Mister Rogers and Me
Cristofer Wagner’s personal documentary presents his own story about Fred Rogers, one of the most popular--and easily satirized--television personalities in the medium’s history. This engaging portrait earnestly shows how Rogers’ self-effacing and honest approach not only benefited millions of children (and their parents) for decades, but was exactly how the man lived his life off-camera as well. Extras include a commentary, Q&A, interviews.

Moses and Aaron
(New Yorker)
Arnold Schoenberg’s lone opera--intense (but problematic) musically--is dramatically stiff, so the decision of Jean-Marie Straub and Daniele Huillet to keep their 1975 film visually static is a smart one. The actors’ lip-synching doesn’t mesh with their arch performances, but strangely, that disconnect contextualizes a problematic 20th century opera telling an ancient story. It’s not an enervating experience, but it is an audacious one. The lone extra is the directors’ minimalist adaptation of Schoenberg’s Accompaniment to a Film Scene.

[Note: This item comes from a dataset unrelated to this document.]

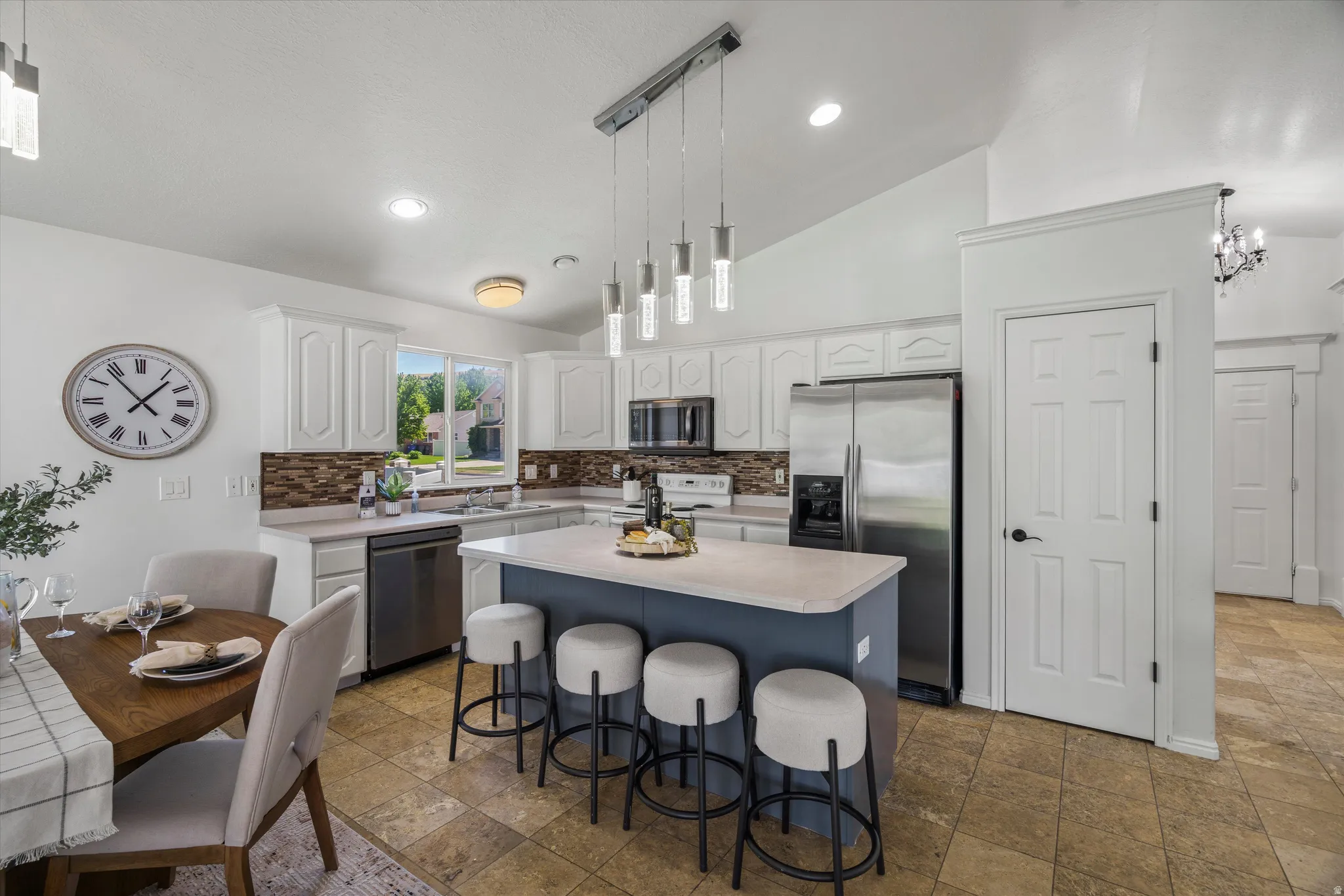 Kitchen featuring white cabinetry, stainless steel appliances, a multi-tone backsplash, and a central island with bar seating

The grit and grime of London’s inner city are the stars of this 1978 British TV mini-series, which stars an impressive Tom Bell as a jailbird who returns to his old stomping grounds after eight years up the river and finds it both the same and irrevocably changed. Skillfully written by Trevor Preston and directed by Jim Goddard, this five-hour drama memorably evokes the seediness of criminals without romanticizing them, and features a stunning turn by Brian Cox as a deadly mob boss. Extras include audio commentaries.

Director Gustavo Taretto’s romantic comedy is too clever by half: by bypassing his charismatic stars--Javier Drolas and the Pilar Lopez de Ayala--for amusingly droll but cloying segments, Taretto overwhelms the humanity at the heart of his machinery. But thanks to his two stars--especially Ayala, a spectacular and little-seen actress who, in a just world, would be more popular than Penelope Cruz--the movie is watchable, even if it skimps on depth or insight.

Snow White: A Deadly Summer
This tame, PG-13 thriller dangles its tantalizing premise--troubled teen may or may not be targeted by her evil stepmother--in front of viewers but offers little payoff aside from a twist ending. The actors can’t do much with a well-worn storyline, and Shanley Caswell, in the lead role, isn’t allowed to do much more than look cute. Teenagers--the obvious audience for this--will also be unimpressed with a routine, mostly unscary horror film. The lone extra is an audio commentary.